Complexitango

For years now, FPGA companies have been proclaiming that you can use their devices to create a “System on a Chip.” We’ve seen “SoCs,” “Programmable System-on-Chip.” “SoPC,” “Platform FPGA,” and numerous other marketing-oriented, pseudo-jargonic phraseologies.

Supposing that’s true, and we want to put a “system” onto a chip. What exactly is a “system”?

Wikipedia tells us a “system” is a “set of interacting or interdependent entities, real or abstract, forming an integrated whole.” An “embedded system” is widely accepted as a computer that is integrated or embedded into some other device. For our purposes today, though, I’d like to go with the definition offered by a former colleague of mine:

“A ‘System’ is the thing one level of complexity higher than what you can understand.”

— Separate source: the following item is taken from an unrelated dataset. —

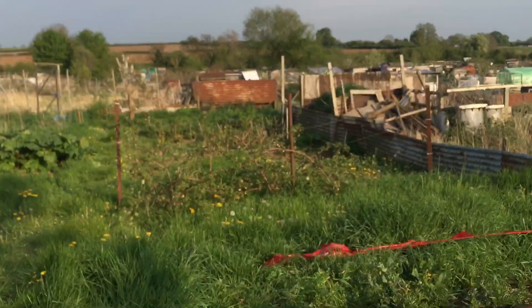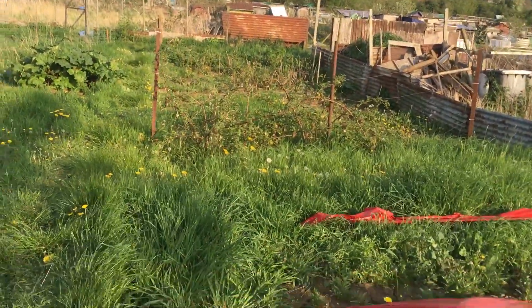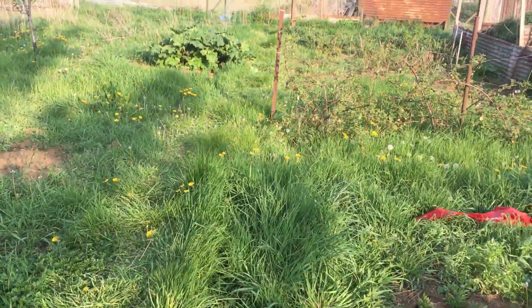It's been a while since I did a video on the allotment — because it's been a while since I've done anything on the allotment. We're having a spectacular success with no dig. We don't do any digging ever for anything, and this is what happens: you become a commercial dandelion and grass grower.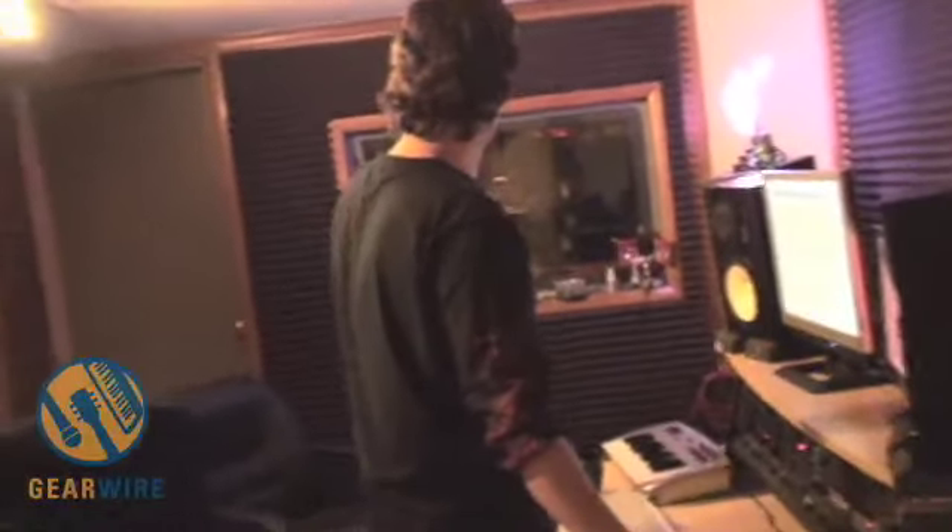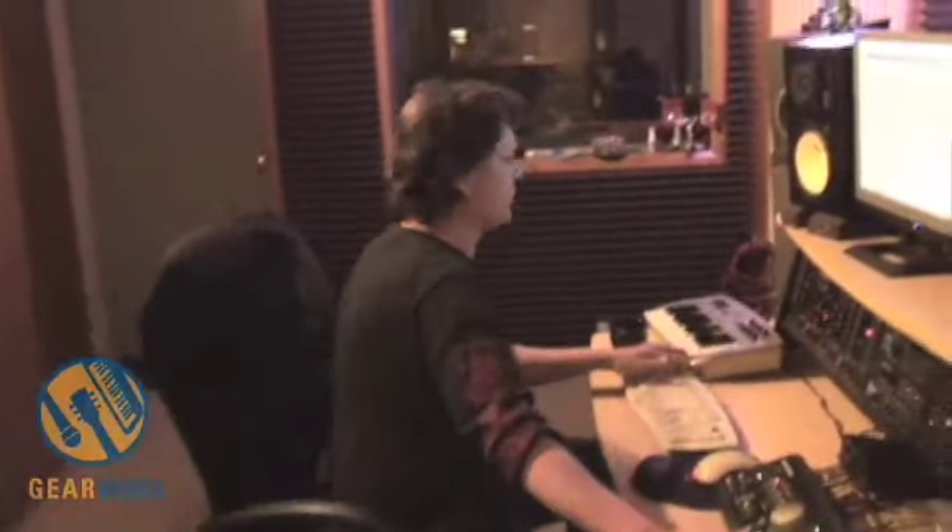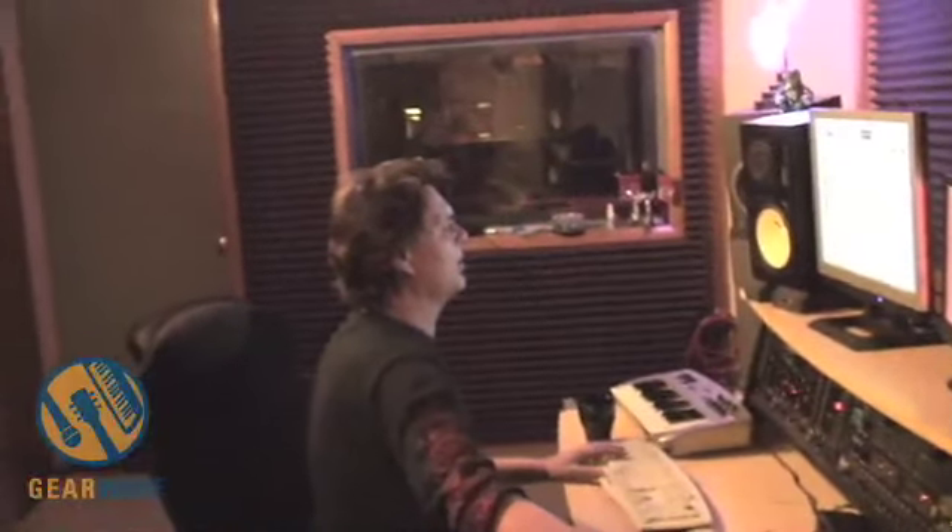Okay, Brent, what we're going to have you do is just kind of play the kit. I want you to do some — a lot of toms, hit the cymbals, hit the hi-hat, everything. Give me one second, though. I'm going to get you to a spot on tape where there's nothing there, so I'm going to check your levels too. Give me a second, please.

Most of the electronic systems that we all design certainly fit that definition today. While we can usually get a good grasp on the basic interactions of all the major components, as we dive deeper, we will inevitably bump into a layer that we have to accept on faith. We have a pretty good idea of the external behavior of these components, but we could not create them ourselves. Moving up the tree of abstraction, we usually hit a different sort of wall. While we may understand the function of our device at a unit level, when we put that device in the context of a much larger system, we may not be able to predict or fully account for all its behaviors.

In the software part of our products, this effect is even more pronounced. Software is pure, distilled, refined “essence of complexity.” While the complexity of the hardware portions of our systems is somewhat bounded by Moore’s Law, the complexity of a software system can be seemingly infinite and practically incomprehensible. We build our software applications upon layers and layers of encapsulated complexity including middleware, operating system calls, runtime libraries, compilers, and so forth. Attempting to maintain awareness of the inner workings of all those layers at once would be a futile task indeed.

When people find themselves in the middle of this sea of overwhelming complexity, they start exhibiting behaviors similar to religious and superstitious practices. We don’t understand the actual cause-and-effect mechanisms, so we assign arbitrary ones ourselves based on cursory observations…

“One time, I used the –lr option and my intermittent bug seemed to go away, so I always use –lr now. I don’t know what it does, though.”

Over time, these superstitious behaviors can ingrain themselves into the policies and procedures of an entire organization. Often, the original reasons for a particular design practice have been long forgotten, but the practice dogmatically plods ahead. Many engineering teams are laden with legacy lore and burdened by word-of-mouth and anecdotal wisdom. Often, nobody on the current-generation engineering team was even present when this litany of bogus best practices began. In the same manner as inane grade-school playground games, they are cycled down from generation to generation almost in suspended animation, never seeing the light of outside reason or sanity checking.

I was once managing a software development team of about 10 engineers, and one of the engineers came into my office quite frustrated. “There’s going to be a delay on the register retiming part of the project. I just can’t get it to work right with this stupid error handling mechanism they want us to use.”

I was a bit puzzled by the comment, so I asked further. “What error handling mechanism is that?”

The engineer went on to describe a pretty badly designed error handler, which sounded nothing like what the rest of the team was doing, and I felt compelled to inquire a bit further.

“Who said you had to use that?”

The engineer was immediately frustrated and agitated. “It’s the same one we’ve always used. I don’t know why they want us to use it, it’s outdated and a mess, and it slows down development a lot!”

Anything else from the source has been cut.